Wednesday, October 4, 2023

A Reason for the Prohibition against Basar b'Cholov - Mixing Milk and Meat

Rabbinic tradition sees mitzvot as falling into one of three categories in regard to how rational they are. Mishpatim are rational and obvious – the mitzvot to not murder and to not steal fall into this category. Chukim, on the other hand, are mitzvot for which there is no rational explanation. Kashrut (dietary laws) are an example of this. Eidot are an intermediary category – they are commemorative mitzvot that are not immediately rational but commemorate an event in a way that does make easy rational sense. Eating matzah on Pesach is an example of this, since it commemorates the matzah the Jews leaving Egypt had to eat because they did not have time for the dough to leaven.

However, just because there seems to be no rational explanation does not mean that many in the rabbinic tradition did not seek to find them for the chukim. The Rambam (Maimonides) taught that all of the mitzvos, even the chukim, have a rational basis – although for the chukim, this is not readily discernible. He attempts to find such explanations for many of them and encourages others to do likewise and even holds that when human reason fails, it merely means that the rational basis eludes our limited reason, not that the chok in question lacks a rational basis. (I am indebted to Rabbi Isadore Twersky, zt”l, the Talner Rebbe of Boston, who taught about this in classes I took in divinity school as we explored Moreh Nevuchim, the Guide to the Perplexed.)

Basar b’cholov, the prohibition of mixing meat and milk, is a chok and several explanations have been advanced for why this is commanded. The Rambam said that it was prohibited because cooking a kid in its mother’s milk was used in idol worship. Others proposed that it was prohibited because of health concerns or because it was considered cruel – and the cruelty is the reason I had always assumed. The seventh Lubavitcher rebbe compared it to kilayim, planting different species of plants together – we are taught not to mix different types of food together.

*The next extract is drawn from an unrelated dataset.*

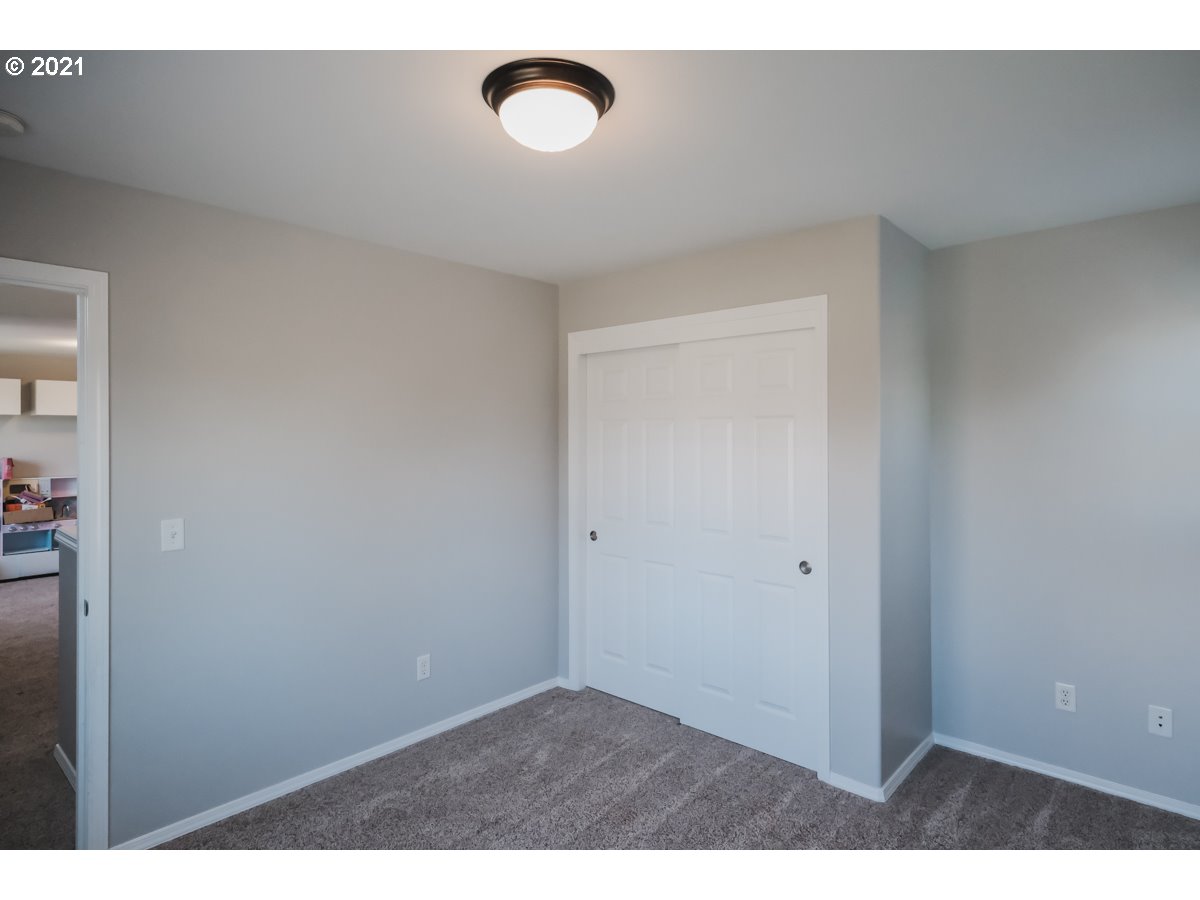4569 Woods Road Northeast Albany, OR 97321 - Photo 24 of 32 Gallery Image 24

In learning the halachot of basar b’cholov, another reason presents itself to me. It is perhaps a particular lesson about cruelty. Abusive parents, rather than nurturing their children, in the process of raising them, pervert the parental duty to raise their children to be their own person. Instead of giving them the tools (including ethical and religious values) to become healthy adults, they use the children to meet their own narcissistic needs, not seeing them as persons created b’tzelem Elokim (in the image of G!d) in their own right. This process of abuse is very destructive and harms the abused children in ways that last long into their adulthood and usually their entire lives. Sexual abusers turn their children into sexual objects, parents who rage turn their children into emotional and/or physical punching bags, narcissists attempt to destroy their children’s innate personalities in order to make them images of themselves. In all of these cases (and other cases of parental abuse), the nurture, symbolized by milk, becomes instead an instrument of destruction, symbolized by cooking the child and ending its independent existence by making it food.

By observing the halachot of basar b’cholov, may parents be more mindful to embrace their holy opportunity for nurture and reject abuse of their children.